━━ Exercise input ━━
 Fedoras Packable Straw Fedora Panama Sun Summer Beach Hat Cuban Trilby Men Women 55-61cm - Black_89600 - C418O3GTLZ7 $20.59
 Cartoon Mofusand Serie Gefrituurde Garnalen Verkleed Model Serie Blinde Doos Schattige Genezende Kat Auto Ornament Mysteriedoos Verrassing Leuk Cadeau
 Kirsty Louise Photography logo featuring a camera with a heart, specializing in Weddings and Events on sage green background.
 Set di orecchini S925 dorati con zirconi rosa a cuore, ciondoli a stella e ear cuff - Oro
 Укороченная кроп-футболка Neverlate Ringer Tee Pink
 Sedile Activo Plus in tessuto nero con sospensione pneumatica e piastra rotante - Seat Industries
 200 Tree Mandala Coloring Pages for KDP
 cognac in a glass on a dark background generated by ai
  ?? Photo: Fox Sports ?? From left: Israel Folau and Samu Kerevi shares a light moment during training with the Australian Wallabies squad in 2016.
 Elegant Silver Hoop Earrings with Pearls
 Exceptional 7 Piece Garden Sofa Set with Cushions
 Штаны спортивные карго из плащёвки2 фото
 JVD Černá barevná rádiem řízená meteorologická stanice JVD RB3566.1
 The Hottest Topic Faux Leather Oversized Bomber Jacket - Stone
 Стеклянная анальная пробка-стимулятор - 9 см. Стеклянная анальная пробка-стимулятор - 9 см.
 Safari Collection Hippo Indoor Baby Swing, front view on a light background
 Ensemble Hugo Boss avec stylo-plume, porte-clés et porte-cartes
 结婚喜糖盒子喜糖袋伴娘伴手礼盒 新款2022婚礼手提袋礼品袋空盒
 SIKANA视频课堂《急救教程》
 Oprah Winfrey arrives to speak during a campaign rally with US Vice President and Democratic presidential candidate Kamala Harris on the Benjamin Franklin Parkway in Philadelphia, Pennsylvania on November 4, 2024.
━━━
Output the lines above exactly, but only those between the line holding "Cartoon Mofusand Serie" and the line holding "Safari Collection Hippo", inclusive.

 Cartoon Mofusand Serie Gefrituurde Garnalen Verkleed Model Serie Blinde Doos Schattige Genezende Kat Auto Ornament Mysteriedoos Verrassing Leuk Cadeau
 Kirsty Louise Photography logo featuring a camera with a heart, specializing in Weddings and Events on sage green background.
 Set di orecchini S925 dorati con zirconi rosa a cuore, ciondoli a stella e ear cuff - Oro
 Укороченная кроп-футболка Neverlate Ringer Tee Pink
 Sedile Activo Plus in tessuto nero con sospensione pneumatica e piastra rotante - Seat Industries
 200 Tree Mandala Coloring Pages for KDP
 cognac in a glass on a dark background generated by ai
  ?? Photo: Fox Sports ?? From left: Israel Folau and Samu Kerevi shares a light moment during training with the Australian Wallabies squad in 2016.
 Elegant Silver Hoop Earrings with Pearls
 Exceptional 7 Piece Garden Sofa Set with Cushions
 Штаны спортивные карго из плащёвки2 фото
 JVD Černá barevná rádiem řízená meteorologická stanice JVD RB3566.1
 The Hottest Topic Faux Leather Oversized Bomber Jacket - Stone
 Стеклянная анальная пробка-стимулятор - 9 см. Стеклянная анальная пробка-стимулятор - 9 см.
 Safari Collection Hippo Indoor Baby Swing, front view on a light background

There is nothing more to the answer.